Data below
■ ■ ■

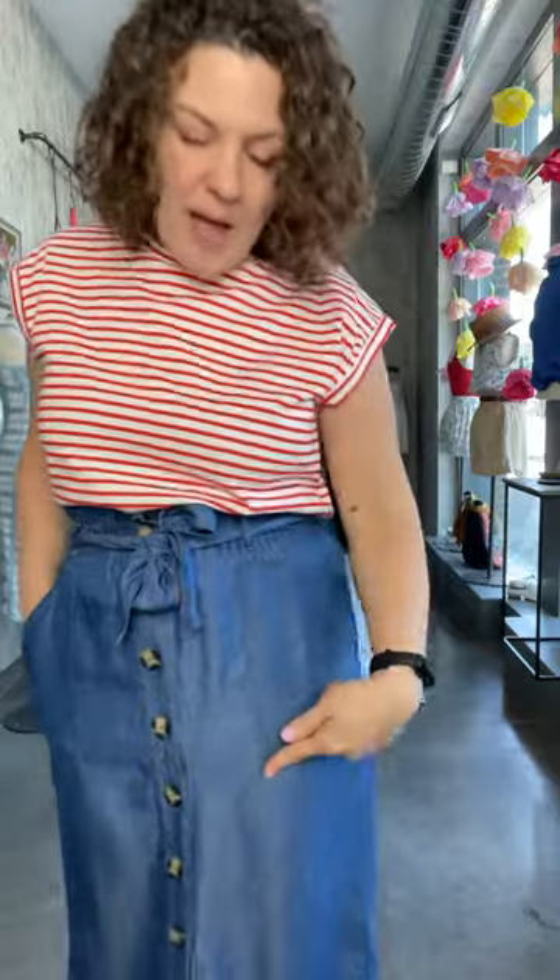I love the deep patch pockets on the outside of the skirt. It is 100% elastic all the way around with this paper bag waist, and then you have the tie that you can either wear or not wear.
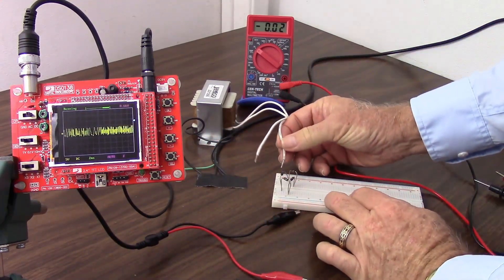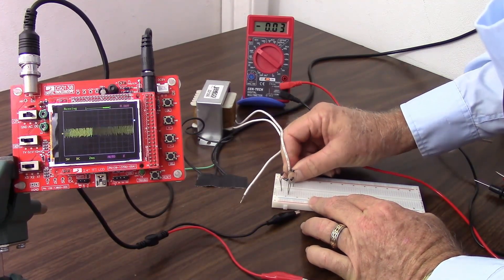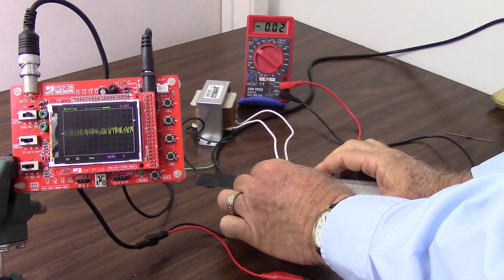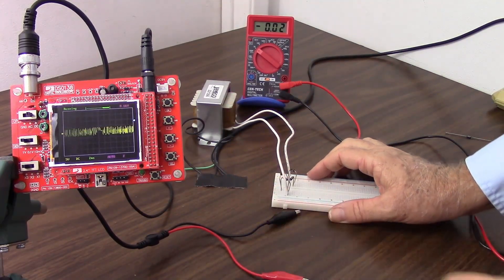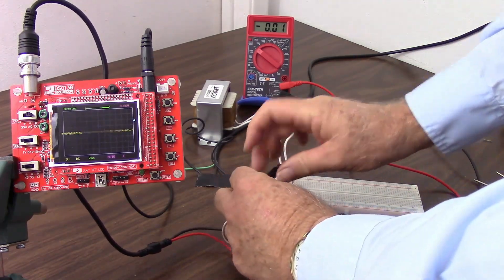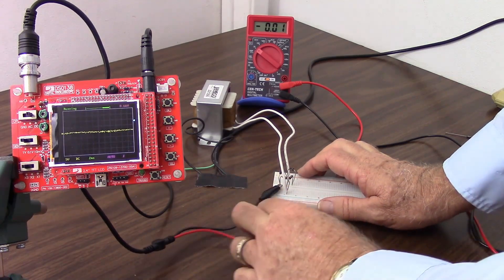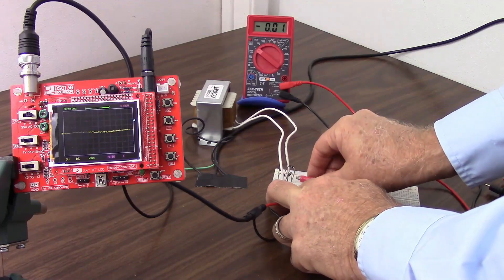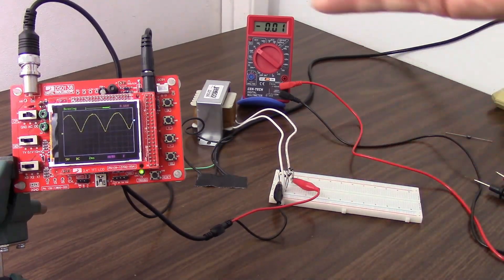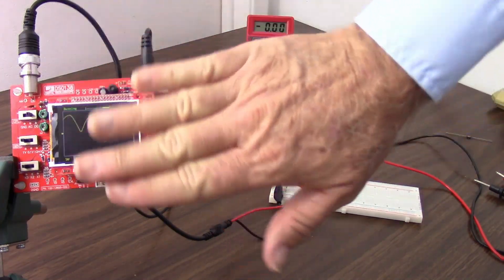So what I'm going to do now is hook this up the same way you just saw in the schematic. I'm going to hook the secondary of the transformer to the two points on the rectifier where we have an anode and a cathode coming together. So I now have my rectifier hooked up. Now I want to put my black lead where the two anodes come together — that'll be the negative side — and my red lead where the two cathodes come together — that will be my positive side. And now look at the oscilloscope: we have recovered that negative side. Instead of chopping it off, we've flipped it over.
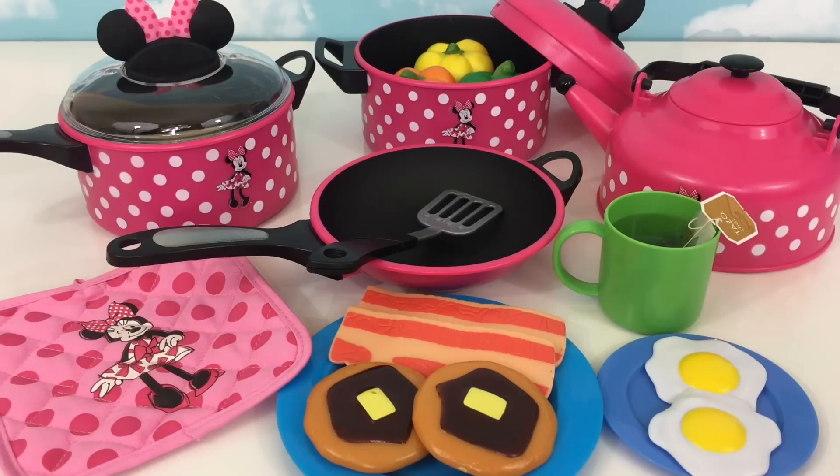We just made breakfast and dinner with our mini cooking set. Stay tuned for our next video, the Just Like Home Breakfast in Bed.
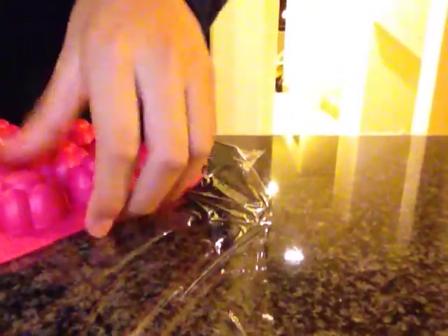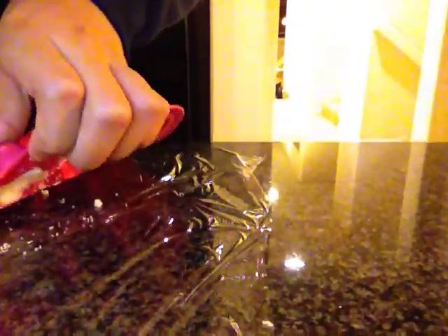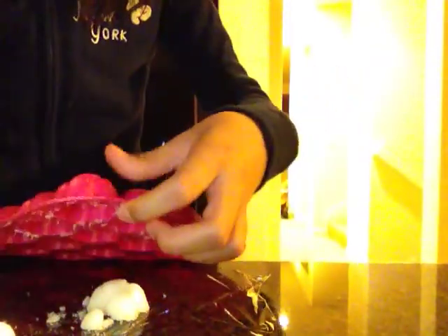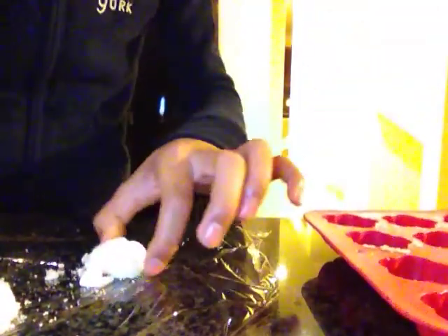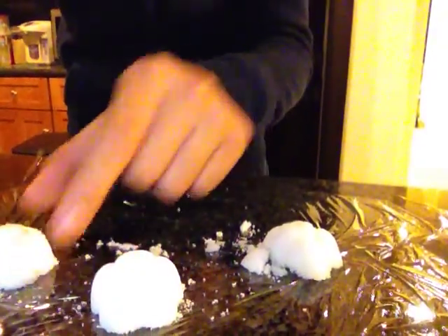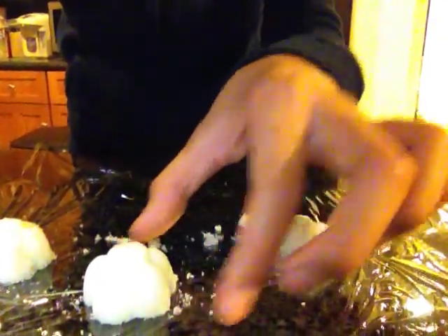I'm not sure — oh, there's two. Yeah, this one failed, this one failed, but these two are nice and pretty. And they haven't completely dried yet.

■ ■ ■

What to do
Repeat the listing word for word, omitting the pictures.

Expected answer
I love the deep patch pockets on the outside of the skirt. It is 100% elastic all the way around with this paper bag waist, and then you have the tie that you can either wear or not wear.
So what I'm going to do now is hook this up the same way you just saw in the schematic. I'm going to hook the secondary of the transformer to the two points on the rectifier where we have an anode and a cathode coming together. So I now have my rectifier hooked up. Now I want to put my black lead where the two anodes come together — that'll be the negative side — and my red lead where the two cathodes come together — that will be my positive side. And now look at the oscilloscope: we have recovered that negative side. Instead of chopping it off, we've flipped it over.
We just made breakfast and dinner with our mini cooking set. Stay tuned for our next video, the Just Like Home Breakfast in Bed.
I'm not sure — oh, there's two. Yeah, this one failed, this one failed, but these two are nice and pretty. And they haven't completely dried yet.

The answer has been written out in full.